Calonne  says ‘it is difficult to determine Bukowski’s whereabouts during the 1940s: the primary evidence is his own memory, which was not always reliable.’ He points out that his journey could not be more different than Jack Kerouac’s. Bukowski did not go on the road for spiritual illumination, says Calonne, ‘he had nowhere to go so he went everywhere.’

Yet somehow he survived and began a writing life that was to lead him to fame and prosperity. His first story was published in 1944 – the same year he got arrested by the FBI for draft dodging - in ‘Story’, at that time one of the premier literary magazines in America. 

Between 1946 and 1956 he began obsessively writing, largely at night listening to classical music, fuelled by alcohol. His work was never confined to one form. Over the next 40 years he was to produce poems, stories, essays, novels, book reviews and journalism – a remarkable ouevre that continues to entertain and inspire.

The market for his writings were the literally hundreds of small magazines, chapbooks, broadsides and underground newspapers that were published during this period and later, mainly produced on mimeograph machines. Before reading Calonne’s book I was completely unaware of this phenomenon, an interesting precursor to the Underground Press movement of the 6o’s and 70’s.
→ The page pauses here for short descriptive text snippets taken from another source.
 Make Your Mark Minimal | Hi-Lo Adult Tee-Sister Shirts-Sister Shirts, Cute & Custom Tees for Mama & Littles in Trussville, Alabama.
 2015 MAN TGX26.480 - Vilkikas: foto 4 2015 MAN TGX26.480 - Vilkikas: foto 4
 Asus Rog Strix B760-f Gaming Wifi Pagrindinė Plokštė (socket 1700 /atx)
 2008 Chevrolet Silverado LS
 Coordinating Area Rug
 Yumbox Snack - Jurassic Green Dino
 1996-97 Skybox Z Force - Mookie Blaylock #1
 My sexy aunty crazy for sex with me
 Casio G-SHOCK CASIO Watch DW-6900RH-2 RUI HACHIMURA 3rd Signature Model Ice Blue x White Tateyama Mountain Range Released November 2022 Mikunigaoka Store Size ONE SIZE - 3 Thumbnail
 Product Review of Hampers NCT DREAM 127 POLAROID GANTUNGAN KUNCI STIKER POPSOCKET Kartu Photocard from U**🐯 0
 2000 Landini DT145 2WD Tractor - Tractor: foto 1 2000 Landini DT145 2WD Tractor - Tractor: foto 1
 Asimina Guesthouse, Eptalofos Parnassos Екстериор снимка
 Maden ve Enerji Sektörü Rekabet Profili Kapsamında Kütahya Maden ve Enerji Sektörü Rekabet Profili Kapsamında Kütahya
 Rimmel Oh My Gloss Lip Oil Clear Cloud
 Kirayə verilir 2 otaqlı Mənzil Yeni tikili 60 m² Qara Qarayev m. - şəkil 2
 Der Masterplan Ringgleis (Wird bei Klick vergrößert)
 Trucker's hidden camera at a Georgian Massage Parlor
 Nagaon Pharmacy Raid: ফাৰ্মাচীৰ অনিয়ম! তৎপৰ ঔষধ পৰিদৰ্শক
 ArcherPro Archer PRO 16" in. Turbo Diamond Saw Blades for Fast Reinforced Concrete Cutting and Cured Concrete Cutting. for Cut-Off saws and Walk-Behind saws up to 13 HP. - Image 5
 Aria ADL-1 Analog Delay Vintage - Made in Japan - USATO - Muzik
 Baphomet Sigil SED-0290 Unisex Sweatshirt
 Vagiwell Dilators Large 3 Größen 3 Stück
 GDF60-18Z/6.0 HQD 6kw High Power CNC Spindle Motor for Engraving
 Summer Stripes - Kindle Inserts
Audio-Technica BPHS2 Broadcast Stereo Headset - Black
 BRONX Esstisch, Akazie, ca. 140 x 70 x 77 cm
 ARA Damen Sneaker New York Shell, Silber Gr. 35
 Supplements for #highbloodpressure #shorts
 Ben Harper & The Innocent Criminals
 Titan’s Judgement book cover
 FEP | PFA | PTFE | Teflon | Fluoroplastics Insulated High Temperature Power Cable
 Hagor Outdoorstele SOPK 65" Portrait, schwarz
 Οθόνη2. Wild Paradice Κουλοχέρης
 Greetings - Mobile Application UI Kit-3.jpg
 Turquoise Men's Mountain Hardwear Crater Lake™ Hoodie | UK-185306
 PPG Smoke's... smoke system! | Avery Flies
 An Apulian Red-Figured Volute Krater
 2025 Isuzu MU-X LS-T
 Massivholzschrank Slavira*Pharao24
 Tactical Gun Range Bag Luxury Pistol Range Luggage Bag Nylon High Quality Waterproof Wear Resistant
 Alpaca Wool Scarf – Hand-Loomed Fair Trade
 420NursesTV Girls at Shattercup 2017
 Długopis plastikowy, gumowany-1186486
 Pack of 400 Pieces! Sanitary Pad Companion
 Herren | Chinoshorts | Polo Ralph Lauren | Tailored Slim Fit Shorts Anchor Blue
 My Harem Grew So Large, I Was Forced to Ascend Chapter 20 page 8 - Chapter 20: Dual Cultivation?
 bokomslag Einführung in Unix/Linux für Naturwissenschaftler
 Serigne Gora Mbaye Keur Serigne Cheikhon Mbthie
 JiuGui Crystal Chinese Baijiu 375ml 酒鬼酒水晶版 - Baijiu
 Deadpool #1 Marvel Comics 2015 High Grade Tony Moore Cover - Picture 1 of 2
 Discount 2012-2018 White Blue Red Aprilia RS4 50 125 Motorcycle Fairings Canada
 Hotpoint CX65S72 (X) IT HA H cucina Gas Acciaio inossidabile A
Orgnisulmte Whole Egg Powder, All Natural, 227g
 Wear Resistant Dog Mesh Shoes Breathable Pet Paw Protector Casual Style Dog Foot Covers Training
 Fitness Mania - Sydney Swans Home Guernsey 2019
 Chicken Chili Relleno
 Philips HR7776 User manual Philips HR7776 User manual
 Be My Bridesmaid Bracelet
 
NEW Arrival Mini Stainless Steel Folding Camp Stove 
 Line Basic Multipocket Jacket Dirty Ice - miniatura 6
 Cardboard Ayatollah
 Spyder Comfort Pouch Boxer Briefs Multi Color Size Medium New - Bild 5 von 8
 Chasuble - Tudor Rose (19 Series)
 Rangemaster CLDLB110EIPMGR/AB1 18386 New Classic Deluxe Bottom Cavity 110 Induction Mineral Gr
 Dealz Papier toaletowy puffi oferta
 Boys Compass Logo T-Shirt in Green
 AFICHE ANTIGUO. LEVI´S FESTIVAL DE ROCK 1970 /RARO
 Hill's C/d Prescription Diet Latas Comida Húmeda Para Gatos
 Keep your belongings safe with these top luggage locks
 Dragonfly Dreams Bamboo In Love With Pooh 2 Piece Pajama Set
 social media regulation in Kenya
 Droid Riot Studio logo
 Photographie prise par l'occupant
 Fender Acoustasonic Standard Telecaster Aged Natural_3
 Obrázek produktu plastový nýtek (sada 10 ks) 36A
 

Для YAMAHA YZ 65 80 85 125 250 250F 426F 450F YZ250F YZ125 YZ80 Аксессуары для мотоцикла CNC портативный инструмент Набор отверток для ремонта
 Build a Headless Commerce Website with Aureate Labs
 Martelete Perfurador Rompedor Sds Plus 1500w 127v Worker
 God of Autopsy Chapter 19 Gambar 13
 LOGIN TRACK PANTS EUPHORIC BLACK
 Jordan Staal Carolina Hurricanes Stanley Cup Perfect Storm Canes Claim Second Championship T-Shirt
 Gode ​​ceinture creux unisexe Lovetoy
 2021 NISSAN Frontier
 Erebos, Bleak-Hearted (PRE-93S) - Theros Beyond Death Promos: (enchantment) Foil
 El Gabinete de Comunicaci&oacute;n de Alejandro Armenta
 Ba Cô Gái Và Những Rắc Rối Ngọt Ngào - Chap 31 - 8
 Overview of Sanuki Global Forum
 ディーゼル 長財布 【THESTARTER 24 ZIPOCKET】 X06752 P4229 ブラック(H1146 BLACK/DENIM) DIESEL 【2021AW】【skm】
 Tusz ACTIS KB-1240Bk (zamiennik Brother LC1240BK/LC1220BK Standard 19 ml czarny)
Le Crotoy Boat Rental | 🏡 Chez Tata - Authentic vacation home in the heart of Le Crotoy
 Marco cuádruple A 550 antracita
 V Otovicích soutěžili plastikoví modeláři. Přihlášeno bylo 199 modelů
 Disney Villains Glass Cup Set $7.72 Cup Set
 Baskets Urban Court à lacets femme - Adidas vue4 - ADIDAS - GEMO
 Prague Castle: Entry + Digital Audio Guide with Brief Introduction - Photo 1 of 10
It was a world perfect for Bukowski’s purposes and he wrote copiously for numerous outlets, earning the soubriquet ‘King of the Littles.’ His voluminous and lengthy correspondence with them provides a wonderful window into this lost world.

Some idea of his productivity is the fact that, between 1960 and 1965 he produced seven volumes of poetry. It was during this period that he also hooked up with John Martin of the publishing company Black Sparrow, who became the central figure in Bukowski’s professional writing life and in his rise to world fame.

It was Martin who, in 1970, suggested to Bukowski that he write a novel. Bukowski had for many years worked at the US Post Office to supplement his writing income and this provided him with his subject. He wrote the book in 19 days and its one of his greatest works.

Bukowski died in 1994. He had survived a lifetime of alcoholic abuse, numerous torrid and violent love affairs, and a lifestyle and living conditions that would have killed a weaker man. He lived to see his work celebrated,eulogised and published internationally. In the last part of his life, he also found comfort and love. Like Philip K. Dick and William Burroughs, his work continues to exert a profound influence on much of modern culture.

Bukowski never aligned himself with the Beat writers. Calonne say he was a ‘heroic individualist’ who was ‘wary of their vanity and posturing’. Yet they admired him and one of their number, poet Gary Snyder, memorably said of him that he ‘never shies away from the fact that human beings possess bodies.’ A blue-collar poet of the streets, Bukowski’s gave voice to the underprivileged and the dispossessed, to the underbelly of America. His work has special and continued relevance in these benighted times.